From roughly 2014 to 2017, the Islamic State in Iraq and Syria — also known as ISIL or Daesh — held about a third of the territory of Syria and 40 percent of Iraq’s. By December 2017, it had lost 95 percent of its territory, including its two biggest properties, Mosul, Iraq’s second largest city, and the Northern Syrian city of Raqqa, its nominal capital.
Unlike Al Qaeda and its affiliated groups, ISIS did nothing to hide itself and its activities. Not only did it believe in capturing territory and establishing a caliphate, it presented its exploits to the world through social media messages and video clips. Nor did it hide its recruitment drive. Its tactics were grounded in the theories expounded in the book Management of Savagery by an author who called himself Abu Bakr Naji.

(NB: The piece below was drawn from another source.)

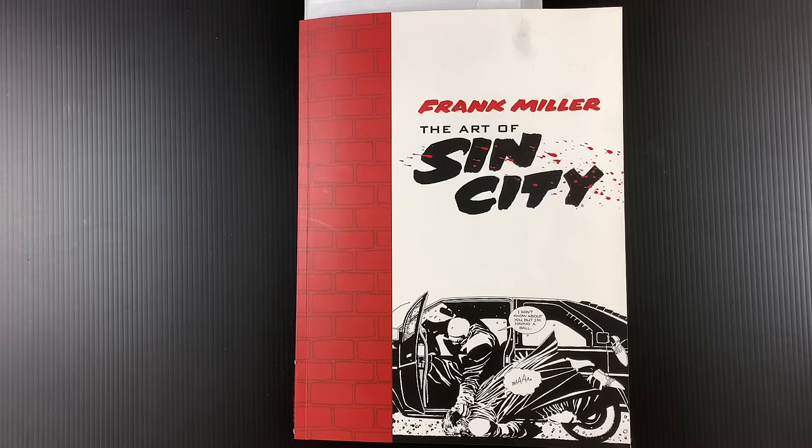My name is Ed Piskor, I'm Jim Rugg. Today we're going to be talking about Frank Miller's 'The Art of Sin City' and why you should buy it, but with certain caveats.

At one point, Naji writes: “The great ‘power’ and that which causes the enemy to reflect one thousand times [is] a result of the ‘powers’ of the groups, whether they are groups of ‘vexation’ or groups of administration in the regions of savagery. The tie of religious loyalty between all of these groups is embodied in a covenant written in blood. The most important clause (of this covenant) is: ‘Blood for blood and destruction for destruction.’ Attaining a great ‘power’ makes the enemy unable to oppose it.”
As should be clear, this passage explains how IS responds to any attack by treating it as an attack against a unified group and body, the unified body being IS itself, whose struggle must continue unceasingly against infidels, both Muslims (those who oppose its exegetical worldview) and non-Muslims. The text remains central to IS operations and continues to inform its exceptional brutality.

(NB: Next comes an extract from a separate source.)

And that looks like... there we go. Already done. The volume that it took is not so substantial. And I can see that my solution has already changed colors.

While multiple state and non-state actors managed to defeat ISIS in Syria and Iraq, after the final battle in Syria — fought in February 2019 at the town of Baghuz Fawqani near Deir ez Zaur, where Kurdish Syrian Democratic Forces managed to dislodge ISIS fighters through a series of ground assaults supported by the US-led coalition — hundreds of ISIS fighters managed to flee the Iraq-Syria theatre. Experts believe many went underground and have spread out. Dozens of them are also said to have reached Afghanistan.